When Has the Indian Press Truly Been Free?

POV

When Has the Indian Press Truly Been Free?

Illustration: Shruti Yatam

Indian journalism is facing something of a crisis. After our dismal ranking of 138 out of 180 on the World Press Freedom Index, the most recent shockwave to send tremors through the foundations of the fourth pillar has been the high-profile resignation of two members of ABP News’ editorial team. The exodus began on Wednesday, when the channel announced that its editor-in-chief Milind Khandekar was resigning after holding the post for 14 years. Shortly after, news anchor Punya Prasun Bajpai also made his exit from the channel, while another anchor, Abhisar Sharma, was “sent on leave”.
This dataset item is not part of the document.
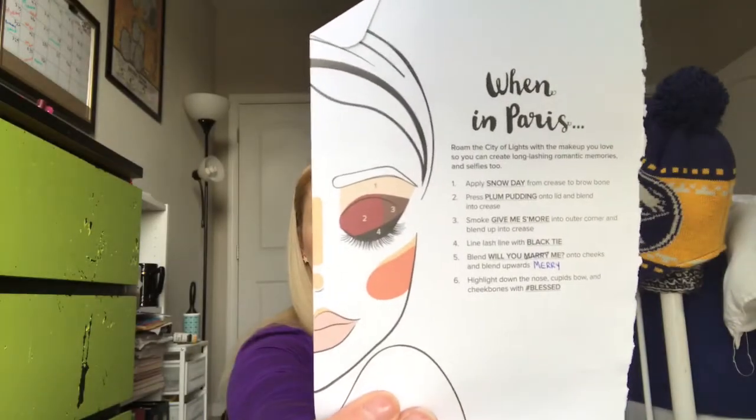Here for another check-in — this is the July look. I just pulled in at work and I completely forgot to do my check-in this morning, so I'm doing it now. This is the August look. September — this is the September look. It's Plum Pudding all over the lid and into the crease, and then more in the outer corner, up into the crease, and Black Tie along the lash line. I patted a little Plum Pudding on my lips because this was a pink lipstick, and I made it not pink, so it went better with the eyes.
Last month, the channel ran a story on Bajpai’s primetime show Masterstroke, about a farmer named Chandramani Kaushik from Chhattisgarh, and how she’d been tutored to exaggerate claims about the profits she’d from her crops during a video interaction with PM Narendra Modi. When Union Ministers Raghavendra Rathore and Nirmala Sitharaman challenged the reports on Twitter, ABP News ran a follow-up story, refuting the BJP’s rebuttals. Soon after, broadcasts of Masterstroke began facing disruptions, with signal disappearing during the show’s airtime. It was not long after that Khandekar and Bajpai parted ways with the channel.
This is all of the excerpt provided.